Weights in alpha for FocalLoss (Project-MONAI#8665)

ytl0623 · Rusheel86 · commit 522802f0bd03 · 2026-02-24T19:42:23.000+05:30
Fixes Project-MONAI#8601 Support alpha as a list, tuple, or tensor of floats, in addition to the existing scalar support.  - [x] Non-breaking change (fix or new feature that would not break existing functionality). - [ ] Breaking change (fix or new feature that would cause existing functionality to change). - [x] New tests added to cover the changes. - [ ] Integration tests passed locally by running `./runtests.sh -f -u --net --coverage`. - [ ] Quick tests passed locally by running `./runtests.sh --quick --unittests --disttests`. - [ ] In-line docstrings updated. - [ ] Documentation updated, tested `make html` command in the `docs/` folder. --------- Signed-off-by: ytl0623 <david89062388@gmail.com>
diff --git a/monai/losses/focal_loss.py b/monai/losses/focal_loss.py
@@ -69,25 +69,67 @@ def __init__(
         include_background: bool = True,
         to_onehot_y: bool = False,
         gamma: float = 2.0,
-        alpha: float | None = None,
+        alpha: float | Sequence[float] | None = None,
         weight: Sequence[float] | float | int | torch.Tensor | None = None,
         reduction: LossReduction | str = LossReduction.MEAN,
         use_softmax: bool = False,
         ignore_index: int | None = None,
     ) -> None:
         """
         Args:
+<<<<<<< HEAD
             # ... (other args)
             ignore_index: index of the class to ignore during calculation.
+=======
+            include_background: if False, channel index 0 (background category) is excluded from the loss calculation.

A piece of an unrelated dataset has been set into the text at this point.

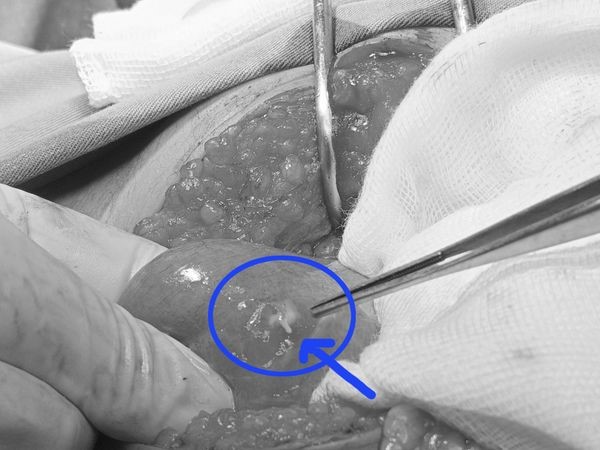 Dị vật tăm tre trong ruột bệnh nhân ở Tuyên Quang
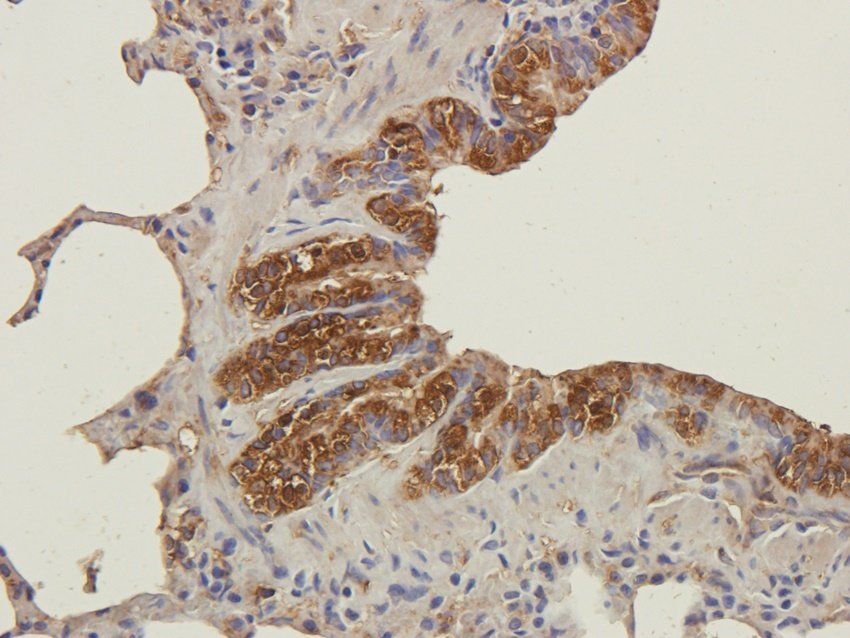 ATF4 antibody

+                If False, `alpha` is invalid when using softmax unless `alpha` is a sequence (explicit class weights).
+            to_onehot_y: whether to convert the label `y` into the one-hot format. Defaults to False.
+            gamma: value of the exponent gamma in the definition of the Focal loss. Defaults to 2.
+            alpha: value of the alpha in the definition of the alpha-balanced Focal loss.
+                The value should be in [0, 1].
+                If a sequence is provided, its length must match the number of classes
+                (excluding the background class if `include_background=False`).
+                Defaults to None.
+            weight: weights to apply to the voxels of each class. If None no weights are applied.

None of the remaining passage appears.